> _What you should do_: Only the lines from the one with "Rucksack für 4 Pizzen 40x40 cm" through the end of the data below belong in the answer, restated word for word, pictures excluded.

##### Records for this task

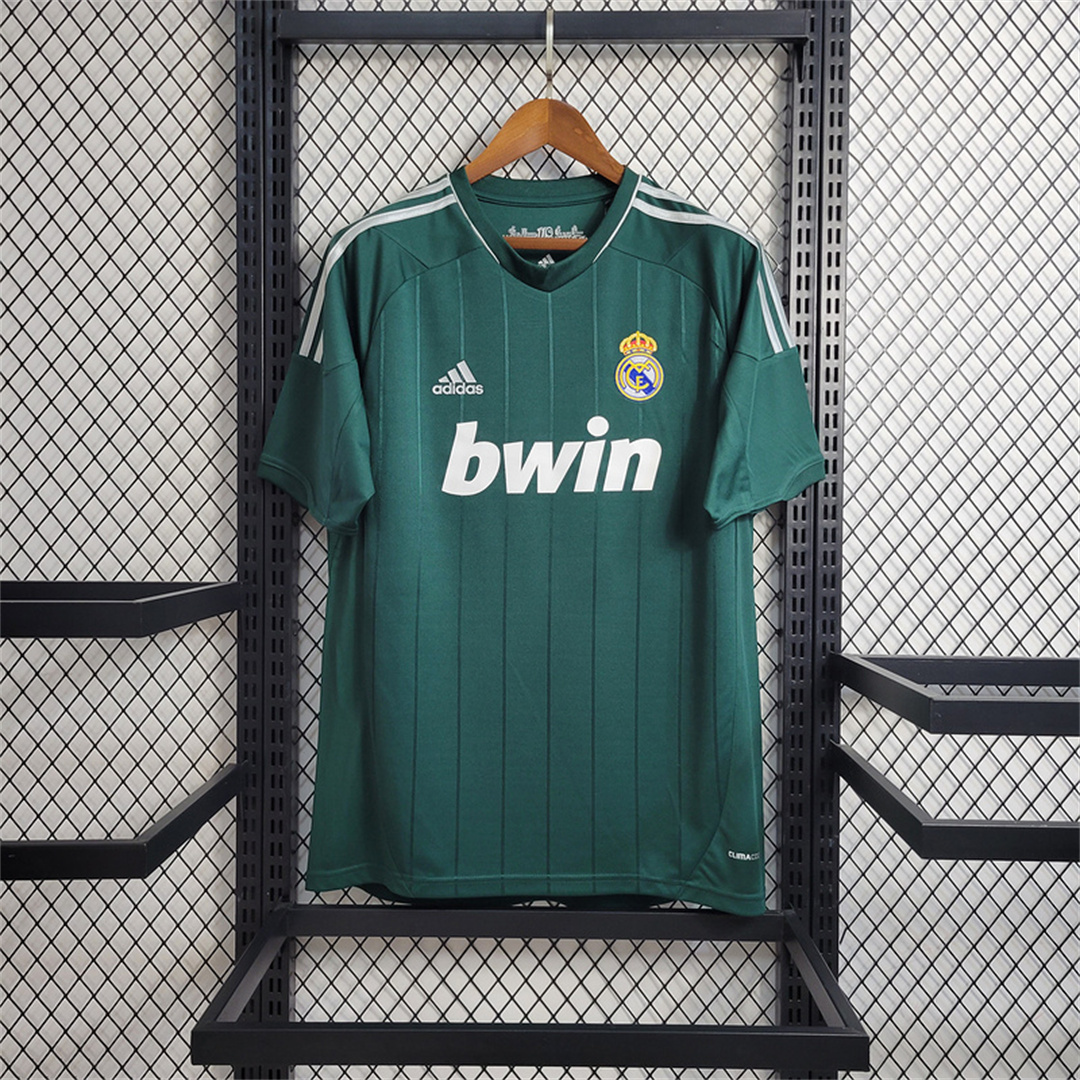 12-13 Real Madrid third away 2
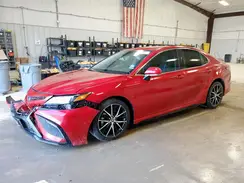 4T1G11AK8NU024527 2022 TOYOTA CAMRY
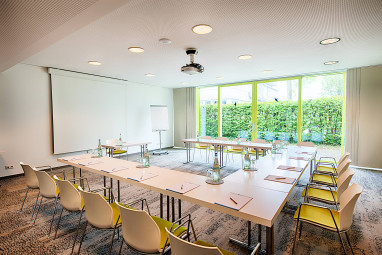 Select Hotel Erlangen: Sala de reuniões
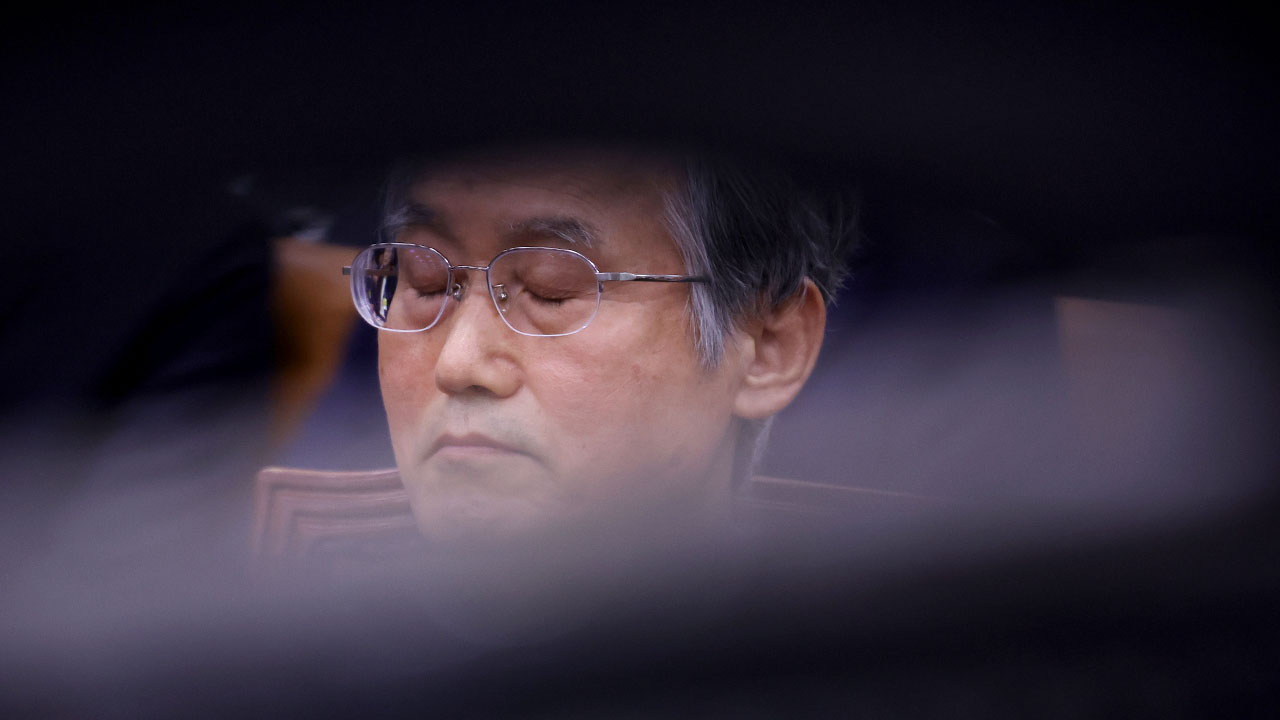 사법권 독립의 의미 뒤바꾼 조희대 대법원장의 침묵 [서초동M본부]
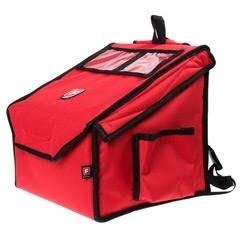 Rucksack für 4 Pizzen 40x40 cm 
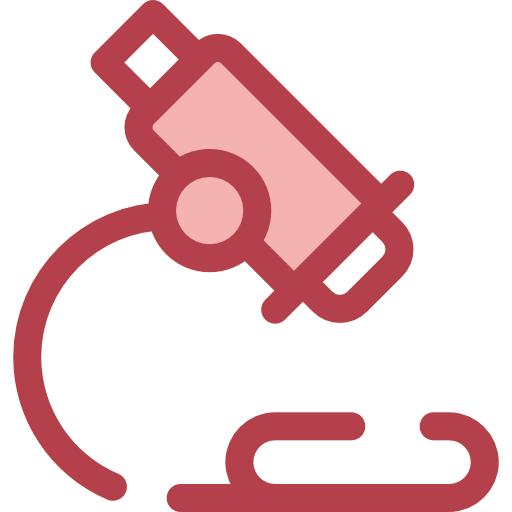 Microscope icon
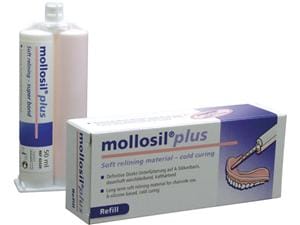 mollosil® plus Automix1 - Nachfüllpackung Kartusche 50 ml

##########

> _Your solution_:
 Rucksack für 4 Pizzen 40x40 cm 
 Microscope icon
 mollosil® plus Automix1 - Nachfüllpackung Kartusche 50 ml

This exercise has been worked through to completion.